*Aim of the exercise*. Beginning with the line that has "Finland and Palestine", please write out the remaining lines of the material exactly, the last one included.

- - - -

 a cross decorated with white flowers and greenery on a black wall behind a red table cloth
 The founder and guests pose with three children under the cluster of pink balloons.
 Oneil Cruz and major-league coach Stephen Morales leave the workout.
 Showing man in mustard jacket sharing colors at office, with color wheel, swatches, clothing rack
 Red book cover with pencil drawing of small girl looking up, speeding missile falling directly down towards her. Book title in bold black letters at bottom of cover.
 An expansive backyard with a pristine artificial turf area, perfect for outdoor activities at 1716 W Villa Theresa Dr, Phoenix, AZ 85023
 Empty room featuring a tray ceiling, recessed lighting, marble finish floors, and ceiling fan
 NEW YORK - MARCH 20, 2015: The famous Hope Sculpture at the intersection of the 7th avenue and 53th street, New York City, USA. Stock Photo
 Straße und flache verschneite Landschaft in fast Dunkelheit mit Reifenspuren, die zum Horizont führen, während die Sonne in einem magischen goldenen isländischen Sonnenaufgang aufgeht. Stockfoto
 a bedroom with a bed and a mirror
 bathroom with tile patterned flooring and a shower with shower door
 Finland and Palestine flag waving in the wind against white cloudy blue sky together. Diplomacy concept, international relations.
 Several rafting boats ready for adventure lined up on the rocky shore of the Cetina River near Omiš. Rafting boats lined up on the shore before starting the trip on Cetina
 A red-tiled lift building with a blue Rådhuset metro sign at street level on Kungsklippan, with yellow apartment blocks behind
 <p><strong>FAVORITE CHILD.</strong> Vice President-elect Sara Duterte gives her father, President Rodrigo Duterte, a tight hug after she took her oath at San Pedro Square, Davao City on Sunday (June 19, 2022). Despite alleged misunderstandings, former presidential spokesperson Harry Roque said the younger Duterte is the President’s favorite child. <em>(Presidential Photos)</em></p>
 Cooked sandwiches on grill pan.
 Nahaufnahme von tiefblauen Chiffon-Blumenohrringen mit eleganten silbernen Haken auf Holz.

- - - -

*Answer section*.
 Finland and Palestine flag waving in the wind against white cloudy blue sky together. Diplomacy concept, international relations.
 Several rafting boats ready for adventure lined up on the rocky shore of the Cetina River near Omiš. Rafting boats lined up on the shore before starting the trip on Cetina
 A red-tiled lift building with a blue Rådhuset metro sign at street level on Kungsklippan, with yellow apartment blocks behind
 <p><strong>FAVORITE CHILD.</strong> Vice President-elect Sara Duterte gives her father, President Rodrigo Duterte, a tight hug after she took her oath at San Pedro Square, Davao City on Sunday (June 19, 2022). Despite alleged misunderstandings, former presidential spokesperson Harry Roque said the younger Duterte is the President’s favorite child. <em>(Presidential Photos)</em></p>
 Cooked sandwiches on grill pan.
 Nahaufnahme von tiefblauen Chiffon-Blumenohrringen mit eleganten silbernen Haken auf Holz.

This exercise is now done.